I have taken 5 random USMLEworld 50 question blocks and have gotten from 52% to 58%. Any idea where that leaves me?
That's a good start, but since you've only taken about 12% of world, it's really not possible to predict with any confidence where that leaves you. Study hard through the 6 weeks. Make sure you are reading the explanations of everything on world you get wrong, and take tests of the things you got wrong after you have done more problems (and not immediately after you have read the explanations). Work through all of world, read FA and other resources. Do the NBME practice tests at some point in your study plan. Make yourself strong in biochem, pharm, path, pathophys and micro. Make sure you are doing well at timing -- the world questions tend to be shorter than the actual exam questions, so if you are just finishing world, you are going to have a tight time in the test - which can cost you a few questions you are too rushed to read.
And make sure you take a break day or two during the process. After 6 weeks, you should be ready.
In my opinion, you don't do yourself a service trying to predict where you stand when you are 6 weeks out. You will learn new things, refresh things and even forget some things over the course of the next 6 weeks. And the experience and pressure of the real exam can't be duplicated and can affect your score significantly, making anything you take in the comfort of your home a tainted indicator. So, IMHO, you won't have a great handle on how you are doing until you actually take the test. You will generally know if you are scoring "well" in your study resources, or "poorly", but probably not be able to guestimate a realistic target score. Lots of people claim NBME tests are the best predictor you can find, but NBME itself says on their site that these tests are not meant as predictors of the real thing, and to some extent if you have used world or kaplan you will have already seen all of the NBME questions since those banks definitely will have incorporated all of the released former board questions. (The folks on here who claim the NBME was a perfect predictor of how they did are generally balanced out by at least as many who didn't see such predictive value). But I suppose for some, it is better than nothing.

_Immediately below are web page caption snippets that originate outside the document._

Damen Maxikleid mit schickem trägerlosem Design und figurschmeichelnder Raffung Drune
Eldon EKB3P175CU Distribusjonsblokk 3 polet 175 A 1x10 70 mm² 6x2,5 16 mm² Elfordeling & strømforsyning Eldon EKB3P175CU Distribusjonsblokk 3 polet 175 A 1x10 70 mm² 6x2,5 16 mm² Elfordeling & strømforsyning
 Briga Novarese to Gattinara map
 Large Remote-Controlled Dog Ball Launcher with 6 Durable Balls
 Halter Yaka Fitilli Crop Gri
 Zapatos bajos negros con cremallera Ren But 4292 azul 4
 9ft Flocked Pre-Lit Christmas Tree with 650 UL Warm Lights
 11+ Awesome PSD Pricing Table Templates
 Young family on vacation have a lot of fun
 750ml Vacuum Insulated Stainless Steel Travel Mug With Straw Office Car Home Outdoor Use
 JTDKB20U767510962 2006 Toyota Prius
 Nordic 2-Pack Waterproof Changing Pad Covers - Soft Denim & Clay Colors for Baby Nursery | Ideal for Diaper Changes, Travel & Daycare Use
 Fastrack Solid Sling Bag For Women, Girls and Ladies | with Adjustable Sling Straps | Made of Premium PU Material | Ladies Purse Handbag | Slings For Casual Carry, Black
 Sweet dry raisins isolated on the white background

Certainly if you are two weeks out from the test and scoring, eg <35% on world, NBME etc, you might want to try and push back the test. But beyond that it probably doesn't pay to focus on predictors. Focus on learning. Every question you get wrong in world is an opportunity to read the explanation and learn why. So if you get horrible scores in world the first time through, but in later blocks of questions are thereafter acing the things you got wrong previously, you might actually be better off than if you were scoring decently the first time through. Food for thought/debate.